Source material:

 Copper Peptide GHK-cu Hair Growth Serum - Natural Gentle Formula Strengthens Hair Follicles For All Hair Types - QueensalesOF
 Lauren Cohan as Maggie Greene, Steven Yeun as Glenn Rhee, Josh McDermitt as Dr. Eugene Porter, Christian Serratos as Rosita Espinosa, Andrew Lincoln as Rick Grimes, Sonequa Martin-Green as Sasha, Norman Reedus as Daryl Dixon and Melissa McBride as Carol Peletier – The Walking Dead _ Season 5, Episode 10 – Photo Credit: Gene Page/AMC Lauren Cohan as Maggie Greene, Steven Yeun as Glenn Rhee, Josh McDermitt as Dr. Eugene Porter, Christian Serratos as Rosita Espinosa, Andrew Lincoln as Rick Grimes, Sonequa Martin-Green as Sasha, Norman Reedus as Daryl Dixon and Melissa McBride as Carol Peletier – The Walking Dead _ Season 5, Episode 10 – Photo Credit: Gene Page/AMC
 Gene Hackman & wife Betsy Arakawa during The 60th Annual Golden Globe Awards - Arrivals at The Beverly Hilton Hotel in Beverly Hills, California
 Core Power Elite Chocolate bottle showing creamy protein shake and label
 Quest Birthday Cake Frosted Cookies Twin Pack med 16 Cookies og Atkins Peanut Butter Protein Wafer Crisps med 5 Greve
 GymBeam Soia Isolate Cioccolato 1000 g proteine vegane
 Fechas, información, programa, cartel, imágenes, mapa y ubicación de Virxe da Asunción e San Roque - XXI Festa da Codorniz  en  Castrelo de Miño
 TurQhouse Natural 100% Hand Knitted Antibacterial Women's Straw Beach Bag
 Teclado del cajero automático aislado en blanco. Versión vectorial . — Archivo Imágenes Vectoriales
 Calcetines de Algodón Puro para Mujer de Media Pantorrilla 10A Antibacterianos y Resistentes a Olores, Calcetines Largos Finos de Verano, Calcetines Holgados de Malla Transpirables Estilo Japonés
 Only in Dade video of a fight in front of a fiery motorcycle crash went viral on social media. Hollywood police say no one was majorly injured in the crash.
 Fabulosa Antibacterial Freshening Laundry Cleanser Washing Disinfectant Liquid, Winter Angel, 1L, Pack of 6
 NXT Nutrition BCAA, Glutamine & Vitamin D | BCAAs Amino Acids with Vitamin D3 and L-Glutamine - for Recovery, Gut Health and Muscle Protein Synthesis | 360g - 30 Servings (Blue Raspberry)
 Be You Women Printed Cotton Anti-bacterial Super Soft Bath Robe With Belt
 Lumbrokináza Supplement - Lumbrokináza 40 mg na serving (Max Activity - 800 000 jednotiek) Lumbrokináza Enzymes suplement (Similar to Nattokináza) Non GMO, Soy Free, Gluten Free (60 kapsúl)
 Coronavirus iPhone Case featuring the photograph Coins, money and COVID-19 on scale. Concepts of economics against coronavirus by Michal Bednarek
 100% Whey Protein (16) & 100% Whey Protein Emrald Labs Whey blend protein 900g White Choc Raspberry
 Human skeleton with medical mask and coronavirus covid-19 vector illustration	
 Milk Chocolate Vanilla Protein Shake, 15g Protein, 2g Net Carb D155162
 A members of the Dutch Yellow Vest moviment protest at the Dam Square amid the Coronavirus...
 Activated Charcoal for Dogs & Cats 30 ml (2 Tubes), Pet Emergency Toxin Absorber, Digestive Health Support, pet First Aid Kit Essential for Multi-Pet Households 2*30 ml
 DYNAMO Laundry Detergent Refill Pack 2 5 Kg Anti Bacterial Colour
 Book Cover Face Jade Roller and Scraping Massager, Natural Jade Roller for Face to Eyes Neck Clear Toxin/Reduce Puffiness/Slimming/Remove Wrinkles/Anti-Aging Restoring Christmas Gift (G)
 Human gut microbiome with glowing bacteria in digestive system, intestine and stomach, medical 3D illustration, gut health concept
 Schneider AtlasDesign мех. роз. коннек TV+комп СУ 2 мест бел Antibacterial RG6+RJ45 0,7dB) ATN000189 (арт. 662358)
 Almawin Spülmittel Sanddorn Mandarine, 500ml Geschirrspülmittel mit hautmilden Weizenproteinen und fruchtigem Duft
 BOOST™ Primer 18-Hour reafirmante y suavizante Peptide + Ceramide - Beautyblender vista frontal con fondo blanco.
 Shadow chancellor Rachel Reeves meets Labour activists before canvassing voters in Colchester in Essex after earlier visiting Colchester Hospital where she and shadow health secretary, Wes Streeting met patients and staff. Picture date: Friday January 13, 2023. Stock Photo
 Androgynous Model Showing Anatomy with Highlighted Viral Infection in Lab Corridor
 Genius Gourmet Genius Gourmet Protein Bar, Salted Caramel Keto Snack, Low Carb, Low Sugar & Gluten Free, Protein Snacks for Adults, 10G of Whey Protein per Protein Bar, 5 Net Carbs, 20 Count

Task to carry out: Pull each line containing the word "Carb" out of the data above.

Exercise answer:
 Milk Chocolate Vanilla Protein Shake, 15g Protein, 2g Net Carb D155162
 Genius Gourmet Genius Gourmet Protein Bar, Salted Caramel Keto Snack, Low Carb, Low Sugar & Gluten Free, Protein Snacks for Adults, 10G of Whey Protein per Protein Bar, 5 Net Carbs, 20 Count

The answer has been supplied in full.